In the opinion of management, these financial statements contain all adjustments
(consisting solely of normal recurring adjustments) which are, in the opinion of
management, necessary for a fair statement of results for the interim period
presented.
The results of operations for the three-month periods ended March 31,
2000 and 1999 are not necessarily indicative of the results to be expected for
the full year.
2 - Income (Loss) Per Share
Following is a reconciliation of the numerators of the basic and
diluted income (loss) per share for the three months ended March 31, 2000 and
1999:
Three Three
Months Months
Ended Ended
3/31/00 3/31/99
------------ ------------
Net income (loss) available to
common shareholders $ 197,682 $ (33,091)
============ ============
Weighted average shares 155,342,465 149,074,582
Effect of dilutive securities 25,860,549 -
------------ ------------
181,203,014 149,074,582
============ ============
Basic income (loss) per share (based
on weighted average shares) $ 0.00 $ (0.00)
============ ============
Diluted income (loss) per share $ 0.00 $ (0.00)
============ ============
3 - Capital Stock
During the quarter ended March 31, 2000, the Company issued 3,142,857 common
shares from the exercise of warrants at $0.07 per share. The Company also issued
2,115,000 shares and 470,000 shares for services at $0.09 per share and $0.175
per share, respectively.
<PAGE>
Item 2 - Management's Discussion and Analysis or Plan of Operation
The following discussion and analysis of the Company's financial
condition and results of operations should be read in conjunction with the
unaudited Consolidated Financial Statements and Notes thereto appearing
elsewhere in this Quarterly Report on Form 10-QSB.
The Company is a development stage company, primarily engaged in
research and development of ozone based treatment for diseases and health
problems caused by lipid enveloped viruses, including, for example, Acquired
Immune Deficiency Syndrome (AIDS), Hepatitis B, Hepatitis C and Herpes, and in
the development of technology for the decontamination of blood, blood products
and veterinarian serum products. The Company is also pursuing the development of
external applications of its technology for medical purposes.
The Company has not generated, and cannot predict when or if it will
generate, significant revenues or sufficient cash flow to fund its continuing
operations. It has funded its operations to date primarily through the sale of
its securities. The technology and its uses are subject to regulations of the
U.S. Food and Drug Administration ("FDA") and its counterparts in foreign
countries. The Company does not intend to sell equipment or supplies for
ozone-generating purposes until it receives required government approvals.

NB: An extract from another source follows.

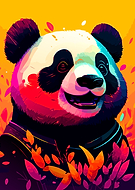 2025-08-20/5e2a4270-331d-402c-85ff-ed6b86285251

Testing and trials can be conducted on a limited basis for research
purposes and to establish efficacy of machines and applications, in order to
support applications for government approvals. In November of 1997, Dr. Sunnen,
the Director of Research (who later was appointed president of the Company on
April 15, 1998) was instrumental in establishing a protocol for Phase II
research to be performed at several leading Italian university research facility
under the auspices of the European Union. It has now been determined, based on
information regarding the low toxicity levels demonstrated in earlier research,
that European Union health authorities will accept completion of a small-scale
Phase I clinical study with 8-10 patients prior to starting the Phase II trial.
The Company is currently preparing submission papers for a study designed to
meet these criteria.
The Company also has recently conducted trial treatment studies on
eight patients infected with Hepatitis C. This study was conducted through the
guidance of Dr. William Hitt, a member of the Company's board of directors. The
tests indicated significant reductions in enzyme levels as measured by SGOT and
SGPT standard test procedures of the patients participating in the study.
Enrollment has begun for a new 10-12 patients study of Hepatitis C, with
clinical data analyzed by an independent facility in Los Angeles, California.
Testing will be conducted prior to, during and following the completion of
treatment and a six-week convalescence follow-up.
In March 2000, the Company received notification that it had been
granted a patent by the US Patent and Trademark Office on its application for a
patent covering the external applications of ozone for medical purposes. The
patent application, no. 09/126,504, had been filed on July 30, 1998. Problems
that might be addressed by such uses would include treatment of severe burns,
infections of ulcerations of the skin (such as those that might be caused by
advanced stages of diabetes) or other wounds. In connection with this use of
ozone, the Company has been granted a US Patent titled External Use of
Ozone/Oxygen for Pathogenic Conditions. Foreign applications are being
processed.
In addition, the Company owns patents covering its ozone
decontamination technology filed in the United States (no. 4,632,980, December
30, 1986 and no. 5,052,382, October 1, 1991), and related patents granted in
several foreign countries. These patents form the basis for the Company's
technology used in the studies described above.
The Company has also been active in pursuing veterinary trials
investigating the effectiveness of ozone in deactivation of viruses in serum
products. The Phase I trial on healthy serum products was concluded in October
1999 and was deemed successful by the Company's researchers. Dr. Sunnen expects
that a Phase II trial should also be successful based on the results of the
first round. The Phase II trial commenced in November and will investigate the
deactivation rates of seven different viruses and is expected to be completed in
12 to 18 months. If the results are satisfactory, the Company believes its
technology can be used in the veterinary medicine field to form the basis for
the creation of a line of safer and more effective vaccines.
There is no assurance that the results of such tests and studies will
be favorable to the Company or that regulatory approval will be received based
on such results.
<PAGE>
Results of Operations
General
From its inception (January 1986), the Company has been a development
stage company primarily engaged in research into the medical uses of ozone. The
Company has not generated, and cannot predict when or if it will generate,
revenues or sufficient cash flow to fund its continuing operations.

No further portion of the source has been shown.